## [Given material]
- - - - - - -

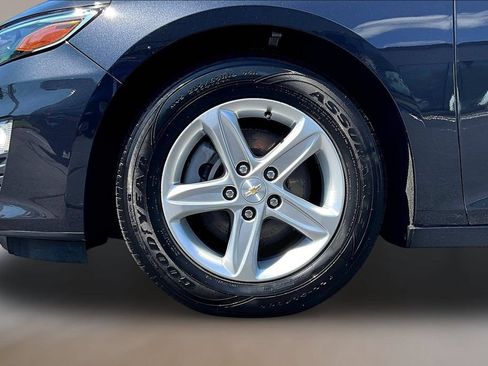 Used 2022 Chevrolet Malibu LS w/ Driver Confidence Package II FWD image 29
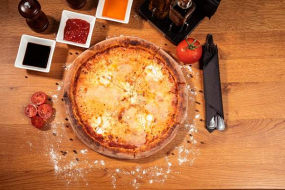 Pizza Quattro Formaggi 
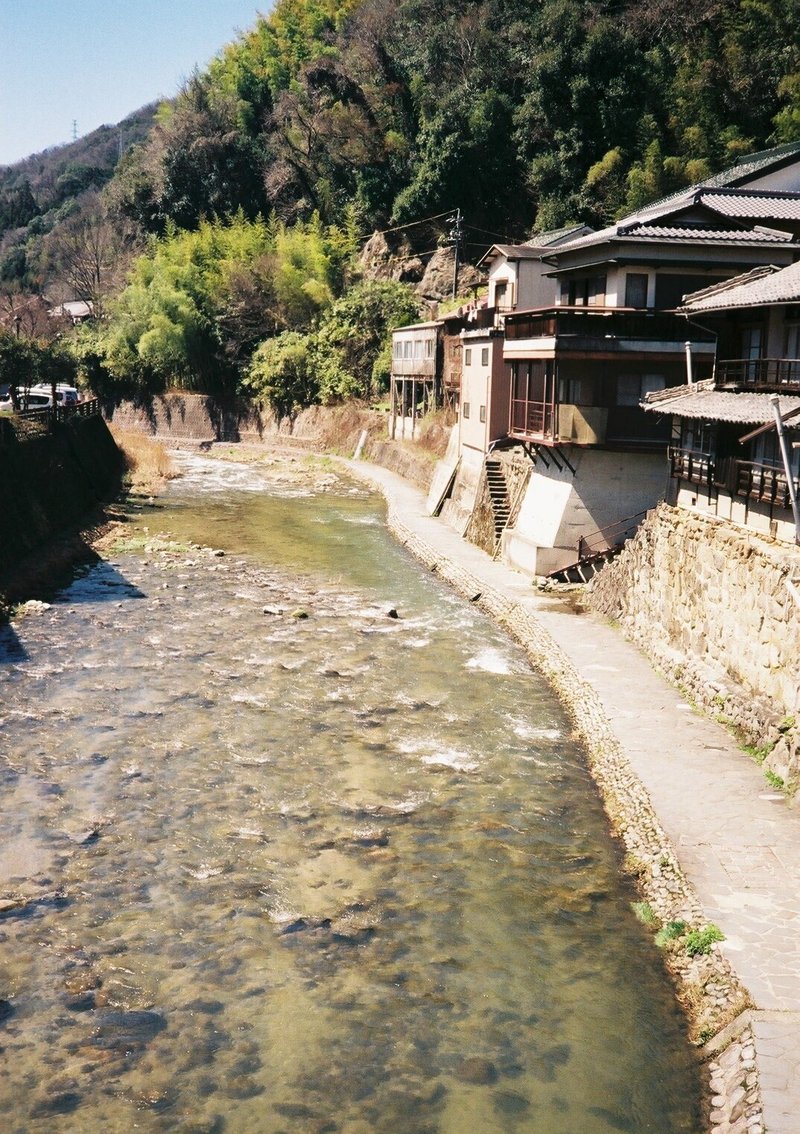 YASHICA Erectro35MCの撮影見本 　その①　絞り優先EEカメラ。1972年に発売された35MC。撮影場所は愛知県豊田市足助町、足助川です。きれいな水です。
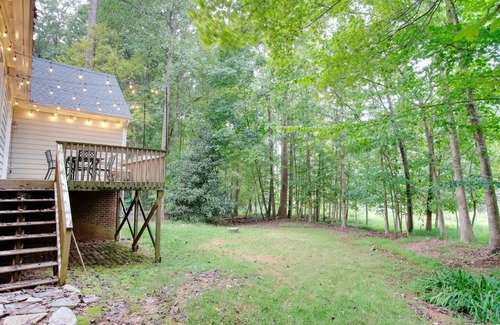 Raleigh Casa | Cozy Raleigh Tree Retreat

- - - - - - -

Restate the data above word for word. Skip every picture.

## [Output below]
 Used 2022 Chevrolet Malibu LS w/ Driver Confidence Package II FWD image 29
 Pizza Quattro Formaggi 
 YASHICA Erectro35MCの撮影見本 　その①　絞り優先EEカメラ。1972年に発売された35MC。撮影場所は愛知県豊田市足助町、足助川です。きれいな水です。
 Raleigh Casa | Cozy Raleigh Tree Retreat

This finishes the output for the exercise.